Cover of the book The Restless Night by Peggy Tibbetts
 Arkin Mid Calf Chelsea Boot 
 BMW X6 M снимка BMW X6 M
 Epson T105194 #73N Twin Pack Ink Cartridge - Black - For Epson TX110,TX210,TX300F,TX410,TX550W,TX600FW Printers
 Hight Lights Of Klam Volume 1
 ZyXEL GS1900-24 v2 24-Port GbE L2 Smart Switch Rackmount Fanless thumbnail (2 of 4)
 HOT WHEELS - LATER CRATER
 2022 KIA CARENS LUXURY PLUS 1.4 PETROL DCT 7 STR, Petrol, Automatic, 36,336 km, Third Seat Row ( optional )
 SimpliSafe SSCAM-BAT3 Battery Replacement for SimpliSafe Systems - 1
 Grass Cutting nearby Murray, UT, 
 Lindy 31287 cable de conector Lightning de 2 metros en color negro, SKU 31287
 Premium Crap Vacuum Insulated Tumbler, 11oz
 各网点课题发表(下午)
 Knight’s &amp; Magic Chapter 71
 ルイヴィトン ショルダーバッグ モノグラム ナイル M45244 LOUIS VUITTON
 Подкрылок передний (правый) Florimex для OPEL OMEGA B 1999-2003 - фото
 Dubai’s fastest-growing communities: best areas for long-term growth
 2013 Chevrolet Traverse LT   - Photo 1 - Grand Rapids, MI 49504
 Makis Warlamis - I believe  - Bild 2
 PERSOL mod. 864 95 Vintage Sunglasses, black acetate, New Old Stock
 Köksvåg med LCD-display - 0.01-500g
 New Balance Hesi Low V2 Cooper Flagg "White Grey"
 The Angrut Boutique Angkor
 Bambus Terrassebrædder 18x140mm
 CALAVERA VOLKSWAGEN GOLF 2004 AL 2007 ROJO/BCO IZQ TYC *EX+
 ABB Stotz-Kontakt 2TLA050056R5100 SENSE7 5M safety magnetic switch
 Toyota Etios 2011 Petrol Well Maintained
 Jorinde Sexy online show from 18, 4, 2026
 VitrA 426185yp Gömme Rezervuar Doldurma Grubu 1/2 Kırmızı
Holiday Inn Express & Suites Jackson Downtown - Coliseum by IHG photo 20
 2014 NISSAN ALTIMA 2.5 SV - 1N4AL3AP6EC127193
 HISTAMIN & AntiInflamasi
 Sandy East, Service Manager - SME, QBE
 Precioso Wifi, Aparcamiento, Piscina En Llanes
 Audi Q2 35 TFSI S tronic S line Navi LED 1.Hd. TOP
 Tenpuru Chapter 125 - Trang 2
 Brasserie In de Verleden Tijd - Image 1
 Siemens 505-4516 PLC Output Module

----------

> **Work request**: In full and exactly, transcribe the material above.

> **Output for this exercise**:
Cover of the book The Restless Night by Peggy Tibbetts
 Arkin Mid Calf Chelsea Boot 
 BMW X6 M снимка BMW X6 M
 Epson T105194 #73N Twin Pack Ink Cartridge - Black - For Epson TX110,TX210,TX300F,TX410,TX550W,TX600FW Printers
 Hight Lights Of Klam Volume 1
 ZyXEL GS1900-24 v2 24-Port GbE L2 Smart Switch Rackmount Fanless thumbnail (2 of 4)
 HOT WHEELS - LATER CRATER
 2022 KIA CARENS LUXURY PLUS 1.4 PETROL DCT 7 STR, Petrol, Automatic, 36,336 km, Third Seat Row ( optional )
 SimpliSafe SSCAM-BAT3 Battery Replacement for SimpliSafe Systems - 1
 Grass Cutting nearby Murray, UT, 
 Lindy 31287 cable de conector Lightning de 2 metros en color negro, SKU 31287
 Premium Crap Vacuum Insulated Tumbler, 11oz
 各网点课题发表(下午)
 Knight’s &amp; Magic Chapter 71
 ルイヴィトン ショルダーバッグ モノグラム ナイル M45244 LOUIS VUITTON
 Подкрылок передний (правый) Florimex для OPEL OMEGA B 1999-2003 - фото
 Dubai’s fastest-growing communities: best areas for long-term growth
 2013 Chevrolet Traverse LT   - Photo 1 - Grand Rapids, MI 49504
 Makis Warlamis - I believe  - Bild 2
 PERSOL mod. 864 95 Vintage Sunglasses, black acetate, New Old Stock
 Köksvåg med LCD-display - 0.01-500g
 New Balance Hesi Low V2 Cooper Flagg "White Grey"
 The Angrut Boutique Angkor
 Bambus Terrassebrædder 18x140mm
 CALAVERA VOLKSWAGEN GOLF 2004 AL 2007 ROJO/BCO IZQ TYC *EX+
 ABB Stotz-Kontakt 2TLA050056R5100 SENSE7 5M safety magnetic switch
 Toyota Etios 2011 Petrol Well Maintained
 Jorinde Sexy online show from 18, 4, 2026
 VitrA 426185yp Gömme Rezervuar Doldurma Grubu 1/2 Kırmızı
Holiday Inn Express & Suites Jackson Downtown - Coliseum by IHG photo 20
 2014 NISSAN ALTIMA 2.5 SV - 1N4AL3AP6EC127193
 HISTAMIN & AntiInflamasi
 Sandy East, Service Manager - SME, QBE
 Precioso Wifi, Aparcamiento, Piscina En Llanes
 Audi Q2 35 TFSI S tronic S line Navi LED 1.Hd. TOP
 Tenpuru Chapter 125 - Trang 2
 Brasserie In de Verleden Tijd - Image 1
 Siemens 505-4516 PLC Output Module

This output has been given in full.